**Work to complete:** Print the data verbatim. Leave every image out.

**Provided data:**
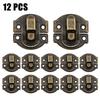 5/12set Jewelry Box Hasp Clasp Suitcase Wood Chest Cabinet Decorative Lock Latch Vintage Case Buckle Lock Decorative Hardware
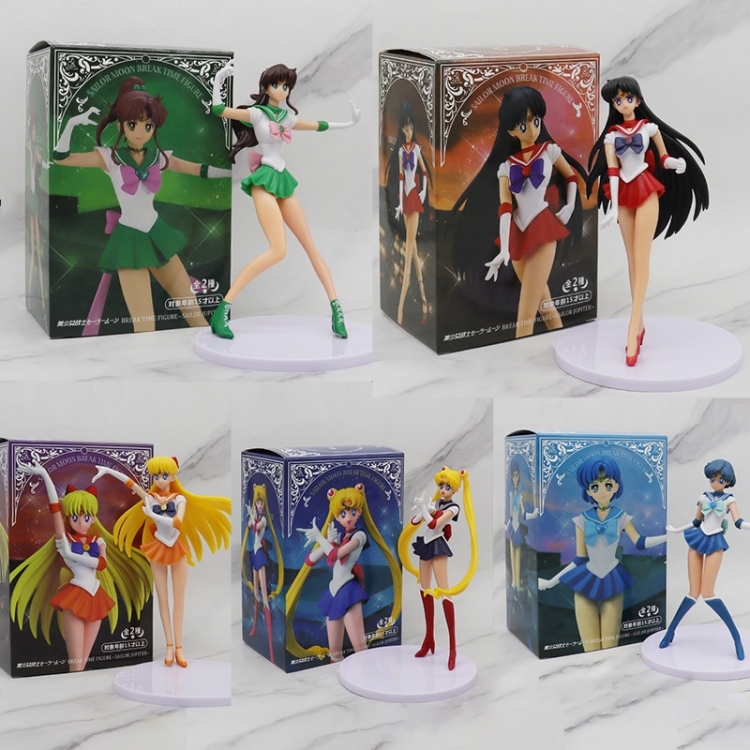 Figurines d'action Sailor Moon, 5 pièces (sac de couleur)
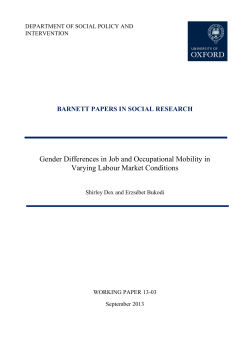 Gender Differences in Job and Occupational Mobility in Varying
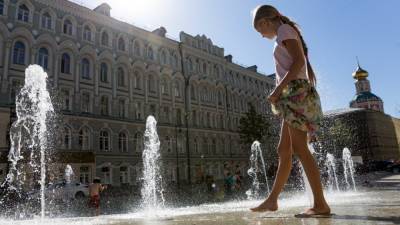 Жителей центральной части России ждет жара с 18 мая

**Completed exercise:**
 5/12set Jewelry Box Hasp Clasp Suitcase Wood Chest Cabinet Decorative Lock Latch Vintage Case Buckle Lock Decorative Hardware
 Figurines d'action Sailor Moon, 5 pièces (sac de couleur)
 Gender Differences in Job and Occupational Mobility in Varying
 Жителей центральной части России ждет жара с 18 мая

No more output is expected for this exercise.